WORK REQUIRED:
Read the data and repeat it in full, exactly.

AVAILABLE DATA:
━━━━━━━━━━━━━━━━━━━━━━━━━━━━━━
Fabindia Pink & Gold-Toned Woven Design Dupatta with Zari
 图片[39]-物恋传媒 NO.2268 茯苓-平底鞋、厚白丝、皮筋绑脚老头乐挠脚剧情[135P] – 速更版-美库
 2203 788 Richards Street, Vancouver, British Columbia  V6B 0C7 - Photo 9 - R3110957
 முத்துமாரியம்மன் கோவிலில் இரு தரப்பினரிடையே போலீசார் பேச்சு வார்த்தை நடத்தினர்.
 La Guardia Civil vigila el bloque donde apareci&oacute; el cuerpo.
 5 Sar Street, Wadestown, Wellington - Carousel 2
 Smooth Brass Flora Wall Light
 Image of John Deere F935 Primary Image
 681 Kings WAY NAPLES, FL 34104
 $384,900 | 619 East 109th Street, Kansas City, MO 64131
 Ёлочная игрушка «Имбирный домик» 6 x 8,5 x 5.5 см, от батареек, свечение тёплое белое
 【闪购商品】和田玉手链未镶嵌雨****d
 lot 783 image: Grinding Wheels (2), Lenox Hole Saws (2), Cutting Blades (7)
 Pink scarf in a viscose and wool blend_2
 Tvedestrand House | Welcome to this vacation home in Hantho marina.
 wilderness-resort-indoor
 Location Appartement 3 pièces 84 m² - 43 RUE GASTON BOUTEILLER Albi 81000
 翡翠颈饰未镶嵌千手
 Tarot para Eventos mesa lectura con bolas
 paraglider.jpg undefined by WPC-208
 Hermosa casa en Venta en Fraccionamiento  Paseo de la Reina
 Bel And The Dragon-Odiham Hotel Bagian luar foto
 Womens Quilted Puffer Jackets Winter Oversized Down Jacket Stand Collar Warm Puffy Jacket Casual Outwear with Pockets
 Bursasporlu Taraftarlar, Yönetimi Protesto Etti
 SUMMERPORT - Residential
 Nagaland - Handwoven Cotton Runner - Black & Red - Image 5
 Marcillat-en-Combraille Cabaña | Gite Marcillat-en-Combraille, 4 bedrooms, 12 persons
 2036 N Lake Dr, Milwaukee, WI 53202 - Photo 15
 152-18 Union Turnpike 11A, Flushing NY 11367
━━━━━━━━━━━━━━━━━━━━━━━━━━━━━━
RESPONSE TO THE TASK:
Fabindia Pink & Gold-Toned Woven Design Dupatta with Zari
 图片[39]-物恋传媒 NO.2268 茯苓-平底鞋、厚白丝、皮筋绑脚老头乐挠脚剧情[135P] – 速更版-美库
 2203 788 Richards Street, Vancouver, British Columbia  V6B 0C7 - Photo 9 - R3110957
 முத்துமாரியம்மன் கோவிலில் இரு தரப்பினரிடையே போலீசார் பேச்சு வார்த்தை நடத்தினர்.
 La Guardia Civil vigila el bloque donde apareci&oacute; el cuerpo.
 5 Sar Street, Wadestown, Wellington - Carousel 2
 Smooth Brass Flora Wall Light
 Image of John Deere F935 Primary Image
 681 Kings WAY NAPLES, FL 34104
 $384,900 | 619 East 109th Street, Kansas City, MO 64131
 Ёлочная игрушка «Имбирный домик» 6 x 8,5 x 5.5 см, от батареек, свечение тёплое белое
 【闪购商品】和田玉手链未镶嵌雨****d
 lot 783 image: Grinding Wheels (2), Lenox Hole Saws (2), Cutting Blades (7)
 Pink scarf in a viscose and wool blend_2
 Tvedestrand House | Welcome to this vacation home in Hantho marina.
 wilderness-resort-indoor
 Location Appartement 3 pièces 84 m² - 43 RUE GASTON BOUTEILLER Albi 81000
 翡翠颈饰未镶嵌千手
 Tarot para Eventos mesa lectura con bolas
 paraglider.jpg undefined by WPC-208
 Hermosa casa en Venta en Fraccionamiento  Paseo de la Reina
 Bel And The Dragon-Odiham Hotel Bagian luar foto
 Womens Quilted Puffer Jackets Winter Oversized Down Jacket Stand Collar Warm Puffy Jacket Casual Outwear with Pockets
 Bursasporlu Taraftarlar, Yönetimi Protesto Etti
 SUMMERPORT - Residential
 Nagaland - Handwoven Cotton Runner - Black & Red - Image 5
 Marcillat-en-Combraille Cabaña | Gite Marcillat-en-Combraille, 4 bedrooms, 12 persons
 2036 N Lake Dr, Milwaukee, WI 53202 - Photo 15
 152-18 Union Turnpike 11A, Flushing NY 11367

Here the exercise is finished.